» **What the exercise asks**: Look for the line containing "BROWN សាខាព្រះនរោត្តមត្រូវប្រញាប់ធ្វើចត្តាឡីស័ក និងតាមដានសុខភាព" in the entries below, then print that line and all that follow it exactly.
*** Source records ***
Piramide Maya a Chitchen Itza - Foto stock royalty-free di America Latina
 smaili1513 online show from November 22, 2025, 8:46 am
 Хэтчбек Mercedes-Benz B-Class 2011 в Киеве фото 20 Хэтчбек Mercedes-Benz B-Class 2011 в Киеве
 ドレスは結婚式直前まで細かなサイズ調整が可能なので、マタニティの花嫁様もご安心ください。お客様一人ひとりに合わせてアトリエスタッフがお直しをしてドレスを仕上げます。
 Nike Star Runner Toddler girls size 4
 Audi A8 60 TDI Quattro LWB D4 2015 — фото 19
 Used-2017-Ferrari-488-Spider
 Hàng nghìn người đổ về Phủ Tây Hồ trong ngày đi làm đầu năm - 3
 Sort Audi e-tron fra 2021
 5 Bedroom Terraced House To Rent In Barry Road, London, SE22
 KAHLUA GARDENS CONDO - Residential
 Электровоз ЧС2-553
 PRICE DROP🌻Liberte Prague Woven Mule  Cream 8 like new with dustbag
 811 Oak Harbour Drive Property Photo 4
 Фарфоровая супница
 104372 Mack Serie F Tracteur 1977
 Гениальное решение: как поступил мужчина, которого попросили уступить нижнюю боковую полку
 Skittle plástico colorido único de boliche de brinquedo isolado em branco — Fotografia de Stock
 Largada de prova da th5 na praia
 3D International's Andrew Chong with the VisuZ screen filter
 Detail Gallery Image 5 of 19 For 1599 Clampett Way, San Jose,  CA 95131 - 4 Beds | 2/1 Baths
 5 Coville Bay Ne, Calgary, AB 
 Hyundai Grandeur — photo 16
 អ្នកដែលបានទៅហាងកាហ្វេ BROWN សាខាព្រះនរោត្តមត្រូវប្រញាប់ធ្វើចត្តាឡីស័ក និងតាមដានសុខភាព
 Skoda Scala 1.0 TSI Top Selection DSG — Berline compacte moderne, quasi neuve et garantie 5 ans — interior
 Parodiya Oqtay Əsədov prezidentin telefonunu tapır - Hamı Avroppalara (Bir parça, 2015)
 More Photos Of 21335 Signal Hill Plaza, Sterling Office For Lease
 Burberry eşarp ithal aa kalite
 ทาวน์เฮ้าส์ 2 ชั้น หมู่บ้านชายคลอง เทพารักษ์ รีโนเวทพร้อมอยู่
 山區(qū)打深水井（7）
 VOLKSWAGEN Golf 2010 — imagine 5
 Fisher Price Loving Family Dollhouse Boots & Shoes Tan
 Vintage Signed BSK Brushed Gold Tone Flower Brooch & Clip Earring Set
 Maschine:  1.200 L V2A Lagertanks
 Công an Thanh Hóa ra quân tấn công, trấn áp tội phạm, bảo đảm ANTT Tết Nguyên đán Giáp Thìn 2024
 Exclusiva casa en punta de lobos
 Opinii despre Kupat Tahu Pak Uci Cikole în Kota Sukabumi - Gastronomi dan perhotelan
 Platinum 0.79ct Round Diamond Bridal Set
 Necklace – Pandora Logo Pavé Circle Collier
***
» **Problem solution**:
 អ្នកដែលបានទៅហាងកាហ្វេ BROWN សាខាព្រះនរោត្តមត្រូវប្រញាប់ធ្វើចត្តាឡីស័ក និងតាមដានសុខភាព
 Skoda Scala 1.0 TSI Top Selection DSG — Berline compacte moderne, quasi neuve et garantie 5 ans — interior
 Parodiya Oqtay Əsədov prezidentin telefonunu tapır - Hamı Avroppalara (Bir parça, 2015)
 More Photos Of 21335 Signal Hill Plaza, Sterling Office For Lease
 Burberry eşarp ithal aa kalite
 ทาวน์เฮ้าส์ 2 ชั้น หมู่บ้านชายคลอง เทพารักษ์ รีโนเวทพร้อมอยู่
 山區(qū)打深水井（7）
 VOLKSWAGEN Golf 2010 — imagine 5
 Fisher Price Loving Family Dollhouse Boots & Shoes Tan
 Vintage Signed BSK Brushed Gold Tone Flower Brooch & Clip Earring Set
 Maschine:  1.200 L V2A Lagertanks
 Công an Thanh Hóa ra quân tấn công, trấn áp tội phạm, bảo đảm ANTT Tết Nguyên đán Giáp Thìn 2024
 Exclusiva casa en punta de lobos
 Opinii despre Kupat Tahu Pak Uci Cikole în Kota Sukabumi - Gastronomi dan perhotelan
 Platinum 0.79ct Round Diamond Bridal Set
 Necklace – Pandora Logo Pavé Circle Collier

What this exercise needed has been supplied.